3. CYP/P‑glycoprotein inducers and inhibitors: bidirectional effects on ivermectin levels
Strong inducers such as rifampicin can speed ivermectin clearance and potentially reduce efficacy, while inhibitors (some antivirals, azoles, macrolides and protease inhibitors) can elevate ivermectin concentrations — a theme emphasized in pharmacokinetic reviews and interaction summaries that stress transporter and CYP involvement [4] [5] [6].
4. Statins, fibrates and other myopathy‑risk drugs: overlapping toxicity concerns
Clinical reviews note that ivermectin given with commonly used statins or other agents linked to myopathy or rhabdomyolysis may increase the risk or severity of muscle injury, making this a commonly cited interaction class to monitor in practice [4].
5. Anticonvulsants and other enzyme‑inducing drugs: reduced ivermectin effect possible
Anticonvulsants such as phenytoin are listed as drugs that may reduce ivermectin levels or blunt its effect through enzyme induction, and multiple patient information pages advise clinicians to consider such interactions when dosing [7] [8].
6. Antibiotics, antivirals, immunomodulators and many others: a long tail of potential interactions
Beyond the headline drugs, systematic interaction compilations and reviews enumerate many antibiotics (erythromycin, benzylpenicillin), antivirals (grazoprevir, asunaprevir and others), immunomodulators like cyclosporine, hormonal agents, and numerous oncology agents as affecting ivermectin’s metabolism or being affected by it — underscoring that interaction evidence ranges from clinical reports to pharmacologic plausibility [4] [6] [9].
7. Alcohol, formulation differences and clinical context: modifiers of interaction risk
Alcohol can amplify certain ivermectin side effects such as dizziness and sedation and is explicitly noted as a food/ethanol interaction in interaction databases, while topical ivermectin formulations have much lower systemic absorption and thus lower interaction risk compared with oral tablets [10] [3] [11].
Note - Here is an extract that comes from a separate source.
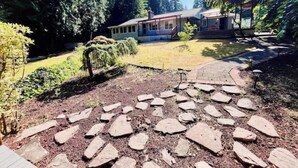 Un sendero de piedra que lleva a un edificio con porche cubierto, rodeado de árboles y un espacio verde.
8. How confident can clinicians be? evidence limits and practical advice
Authoritative reviews stress that human pharmacokinetic data remain incomplete and many listed interactions are mechanistic or extrapolated from transporter/CYP data rather than large clinical trials; national compendia nevertheless list roughly 100–120 medicines as potential interactants, so the practical approach is individualized review, monitoring (e.g., INR with warfarin), and dose adjustments when strong inhibitors/inducers are co‑prescribed [5] [1] [2] [12].